The festival was the site of a hit-and-run accident that nearly killed a Texas man in 2009. Aaron Dorfman was sleeping in a field when Rodney Humphrey, 49, drove over him in his Ford Ranger pickup.

Humphrey was put on trial for murder but the jury deadlocked on the attempted murder, assault and drunken driving charges, choosing only to convict him of leaving the scene of an accident and driving without a license. Humphrey has since reached a plea agreement and is scheduled for sentencing late next month.

Prosecutors at his trial alleged that Humphrey, who lived in the area, saw the festival-goers as outsiders he wanted to leave.

In its lawsuit over the permit issue, the borough submitted comments from neighbors who also didn’t appreciate the festival.

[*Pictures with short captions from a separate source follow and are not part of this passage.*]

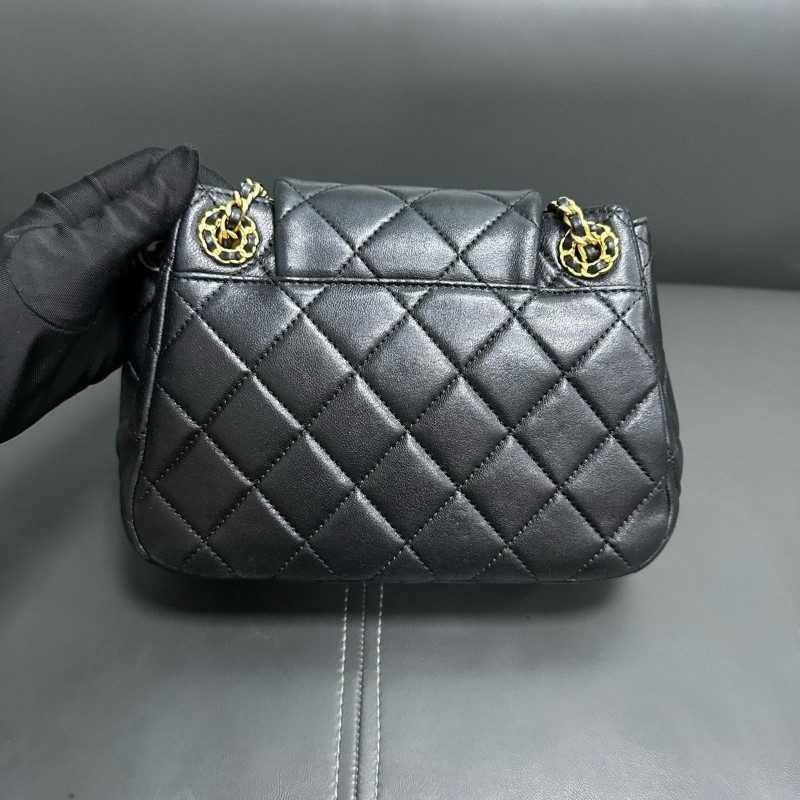 Chanel 24P 黑金羊皮hobo-6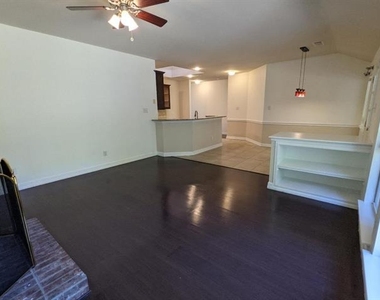 1321 Meadowbrook Drive - Photo Thumbnail 6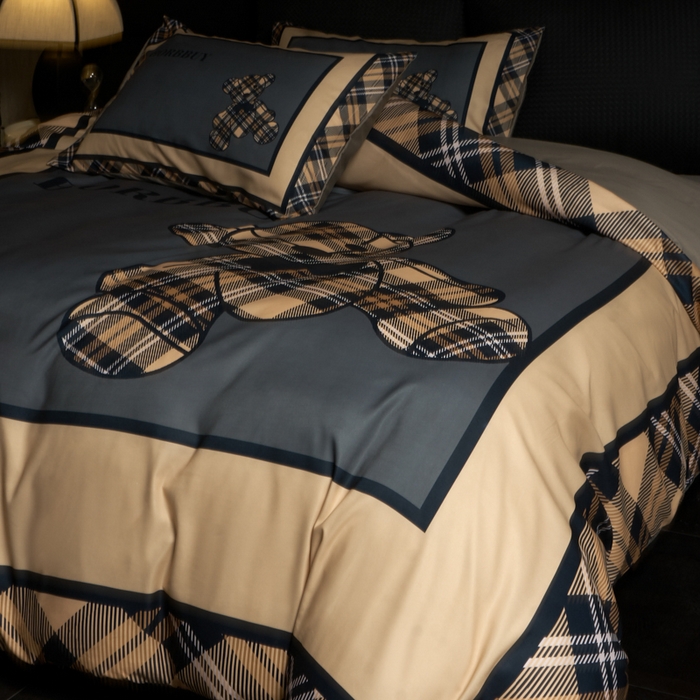 91家纺网 家纺一手货源 找家纺 花沐 2025新款轻奢潮牌亲肤棉纯棉四件套 英伦熊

“We have to take time off work because it’s too awful to travel through this gauntlet of drunk druggies who are sometimes naked, and all their dogs,” one of them said, according to the borough’s press release.

The borough filed a lawsuit against the festival’s organizer, Justin Rousseau, over the permit issue last month. Kristiansen’s order doesn’t end the legal proceedings but does give the borough the ability to ask Alaska State Troopers for help if the festival goes on as planned without a permit.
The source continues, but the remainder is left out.